A special treat in the summer was ice cream from a hand cranked freezer. A block of ice was purchased, pounded into pieces and packed around a container of homemade ice cream mixture. One part salt to 9 parts ice created colder temperatures. When the handle became difficult to turn, that meant the ice cream was beginning to freeze. If you wanted really firm ice cream, someone would be recruited to sit on top of the freezer to hold it steady while cranking. A school fundraiser for band uniforms was ice cream socials on Saturday nights on a lawn amidst downtown stores. Each band family would bring a freezer of homemade ice cream to be frozen or a cake to be served.
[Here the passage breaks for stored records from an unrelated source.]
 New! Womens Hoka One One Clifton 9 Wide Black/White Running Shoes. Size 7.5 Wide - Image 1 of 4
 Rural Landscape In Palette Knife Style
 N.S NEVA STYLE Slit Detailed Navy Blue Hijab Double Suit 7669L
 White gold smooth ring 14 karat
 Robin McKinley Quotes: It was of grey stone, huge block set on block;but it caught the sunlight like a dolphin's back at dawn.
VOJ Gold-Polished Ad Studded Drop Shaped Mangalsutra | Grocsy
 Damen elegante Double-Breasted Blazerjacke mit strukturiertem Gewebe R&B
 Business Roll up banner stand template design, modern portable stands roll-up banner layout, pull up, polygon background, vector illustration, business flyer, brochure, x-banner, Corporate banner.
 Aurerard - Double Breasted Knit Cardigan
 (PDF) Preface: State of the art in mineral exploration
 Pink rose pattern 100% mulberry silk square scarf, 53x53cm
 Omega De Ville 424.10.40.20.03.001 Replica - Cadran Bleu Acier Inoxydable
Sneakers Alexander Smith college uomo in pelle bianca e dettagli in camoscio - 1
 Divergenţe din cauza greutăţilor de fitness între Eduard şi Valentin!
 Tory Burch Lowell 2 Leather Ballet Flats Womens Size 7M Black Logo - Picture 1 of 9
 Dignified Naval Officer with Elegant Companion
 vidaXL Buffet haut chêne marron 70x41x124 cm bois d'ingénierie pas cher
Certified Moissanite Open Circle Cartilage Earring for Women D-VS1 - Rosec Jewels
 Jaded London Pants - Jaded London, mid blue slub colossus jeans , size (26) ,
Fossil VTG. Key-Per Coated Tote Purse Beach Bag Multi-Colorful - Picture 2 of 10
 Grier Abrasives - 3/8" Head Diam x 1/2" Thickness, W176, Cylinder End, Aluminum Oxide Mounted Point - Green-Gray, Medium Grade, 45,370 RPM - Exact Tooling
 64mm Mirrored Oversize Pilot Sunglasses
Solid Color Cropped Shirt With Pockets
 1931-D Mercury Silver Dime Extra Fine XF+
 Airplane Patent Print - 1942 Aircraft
Before refrigeration was mechanized an ice box was used to keep milk and other foods cool. A 25 pound block of ice was purchased in town, wrapped in a burlap bag, brought home and placed in an insulated oak box until it melted. Another method for keeping milk cool and free from spoilage was placing it in a baled stainless steel 3-5 gallon bucket and hanging it by a rope into a well until it touched the water. Before each meal it would be retrieved from the well, then returned at the end. An old saying was thunder hastened the milk turning sour. Whole milk from the cow was separated into cream and skim milk. The cream was churned into butter, often a task given to the child old enough to do so.


The farm had several productive hickory nut trees. Nuts were gathered in the fall, cracked on the shop vise and shelled for apple salad, fudge, and divinity. There was never enough. Usually a very successful cook, my mother's fudge often had to be spooned or was hard and grainy. In cooking fudge to measure its readiness to be poured into a cooling pan, a spoonful of fudge was dropped into a glass of cold water. If it formed a soft ball that held together, it was ready. If it dispersed in the water, it needed to be cooked a bit longer.


Besides the vegetable garden, mother liked to plant a row of gladiola flowers. These she arranged in a vase and took to church on Sundays. They made a showy bouquet. At the end of each season she dug up the bulbs to plant another year. To her dismay the second year plantings often reverted to a salmon color.


Cool drinking water was always available from a cistern outside the back door. A battered dipper hung on its side which everyone drank from, including visitors.